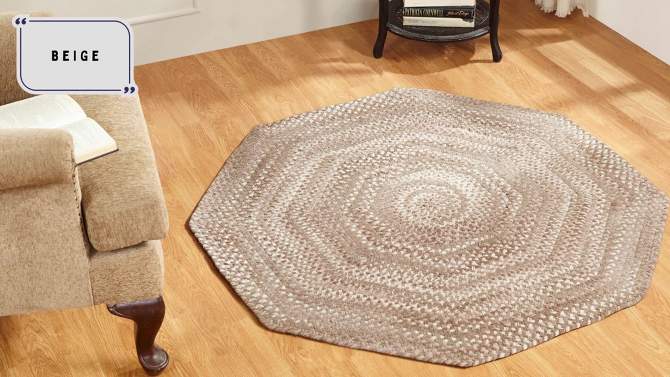 Ombre Collection 100% Cotton Chenille Super Soft & Plush Reversible Indoor Area Utility Rug - Better Trends, 2 of 5, play video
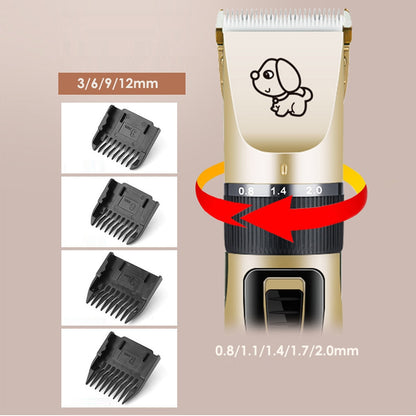 Rechargeable Low-Noise Dog Grooming Clipper by HitMyNeed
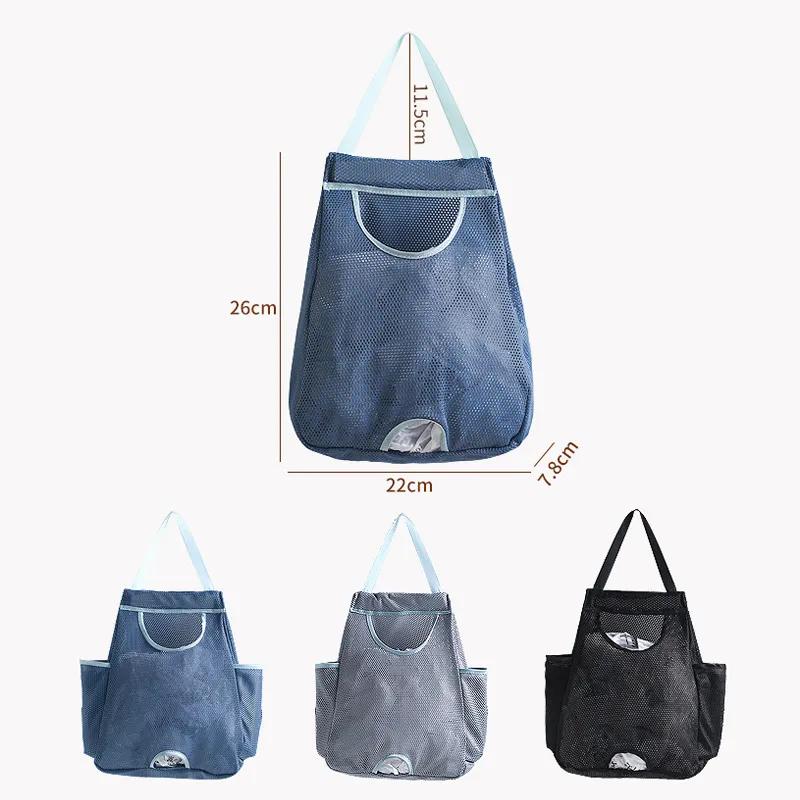 Kitchen Garbage Bag Storage Artifact Plastic Bag Storage Box For Shopping Bags Wall Mounted Pull-Out Sorting Bag Collection YLE544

YOUR ASSIGNMENT = Each line above must be set down exactly, though no picture should be carried over.

OUTPUT FOR THIS TASK =
 Ombre Collection 100% Cotton Chenille Super Soft & Plush Reversible Indoor Area Utility Rug - Better Trends, 2 of 5, play video
 Rechargeable Low-Noise Dog Grooming Clipper by HitMyNeed
 Kitchen Garbage Bag Storage Artifact Plastic Bag Storage Box For Shopping Bags Wall Mounted Pull-Out Sorting Bag Collection YLE544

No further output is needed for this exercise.